No, you hope you felt something. You wanted so badly to feel something that you did, he thought to himself in a voice that sounded oddly like Hermione’s.
Hogwarts’ hauntings were so flamboyant that the inkling he felt could hardly have been one. That had always surprised him about every ghost he had encountered; they seemed so much like real people, only…less. None of that invisible entities nonsense Muggles seemed so keen on. But this had felt like something of that nature. He felt eyes on him, he felt a sick, prickly feeling, almost like electricity in the air, the way he felt when someone so badly wanted to ask you something, to get your attention, but was waiting for you to make the first move. He felt it, but he had seen nothing. He supposed it was entirely plausible that ghosts could make themselves as visible or invisible as they wished, but he hardly thought Malfoy would opt for the latter. He would want to gloat about how his skin would never wrinkle and he would have a great head of hair for all eternity while all his peers became aged and ugly.
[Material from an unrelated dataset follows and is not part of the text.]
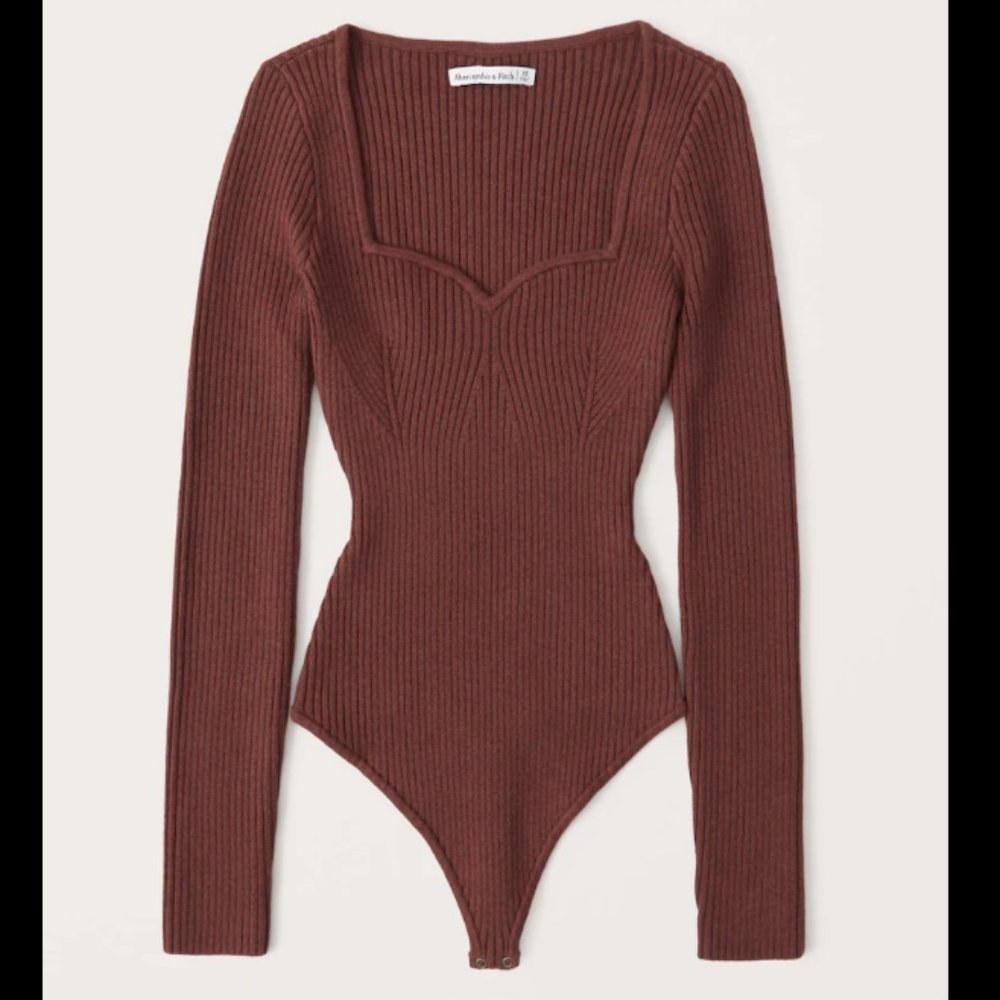 Abercrombie & Fitch Long-Sleeve Sweetheart Sweater Bodysuit Burgundy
No, he could not imagine Malfoy as a subtle ghost, although he had toned down a bit during his later years.
“Drop it, Harry,” he muttered to himself, walking over to the bathroom. His bathroom things had been unpacked, by the house elves, he assumed. He snatched his flannel from the rim of the sink, wetting it with cold water and wiping his face. He looked at himself in the mirror. He looked ruddy, his cheeks pink from rubbing at them. He had promised Hagrid he would have dinner with him, so pink and ruddy would have to do. He only hoped Hagrid wouldn’t ask what had happened.
““s bin lonely without yeh, Harry,” Hagrid said for about the hundredth time since he had cleared the table.